Afridi's day had begun halfway through Pakistan's innings, when having won the toss, they were making a mess of things. Shane Bond had bowled an opening five-over spell of refreshingly attacking intent, of real cunning, occasional pace and much guile. Each ball he bowled, it seemed, was geared only to take wickets, not save runs. With the rest of Bond's colleagues chipping in, Afridi turned up to find his side limping around at 75 for 4.
Much like a magician he turned it into an ominous 287 for 9 with his innings opening up the floodgates for his lower order, in particular Kamran Akmal, who plundered New Zealand relentlessly at the death. In all, 137 runs came in the last 15 overs and 206 off the last 25, and Afridi was the culprit.
It was a calm hand by his standards, pretty brutal by any other, and the kind of innings Twenty20 has brought out of him. In its entirety it was mature, particularly in the realisation that he need not go at it helter-skelter from the off and that if his forearms are somehow aligned to his brain then mountains can be moved.
Indeed there was nary a miscue or hoick to begin, just urgent nudges and grunted pushes to revive Pakistan's comatose run-rate. Once Khalid Latif, drafted in as opener, pulled a first boundary for nearly 12 overs in the 29th, he freed Afridi's mind. Soon Afridi was dancing out to hoist three sixes in two overs of spin from Daniel Vettori and Nathan McCullum.
The flurry of boundaries is an Afridi trait, but once out of the way he reverted - pleasingly - to taking well-placed singles and doubles, managing the occasional boundary. Shane Bond was muscled over long-off for one such, to bring up his fifty off 37 balls, which was still sedate for him. He went soon after biffing a couple more, but not before, with a tranquil Latif, having revived Pakistan. Latif looked as threatening as a butterfly, without being as pretty, but he stuck around for what was a valuable fifty. And he was at his most effective when Afridi was going for it, simply because he ensured that Afridi got much of the strike.
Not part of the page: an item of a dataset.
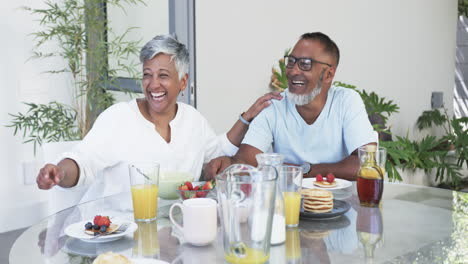 Biracial-couple-enjoys-a-hearty-breakfast,-sharing-a-laugh-together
Akmal, relieved of opening and for Afridi's ballast, gleefully looted runs over the death, putting on 86 with Abdul Razzaq in just over seven overs - driving, scything and squeezing a parade of sixes and fours en route to a stunning 43-ball 67.
The momentum with them, Pakistan's pacemen worked their way through the top order, crippling the chase at the very off. Umar Gul may have been the main beneficiary in terms of wickets, but Mohammad Aamer's opening spell - much older than the 17-year-old body and mind that produced it - was the key. At whippy pace, he gnawed away at both Brendon McCullum and Aaron Redmond over after over, regularly beating them for pace and inward movement and ultimately setting the tone of who was to boss the chase.
Inevitably, though, Afridi had to have the final word. Daniel Vettori and Redmond had gamely kept New Zealand within a sniff, though Redmond's ponderous fifty - unlike Latif's earlier - did not have anyone going crazy enough around it. After an indifferent, hurried first spell, Afridi got the pesky Vettori to drag on an attempted sweep, and with his next ball trapped Nathan McCullum. Another umpire might have even given the hat-trick - incorrect as it may have been - but denying Afridi in this kind of mood took some standing. New Zealand found it beyond them.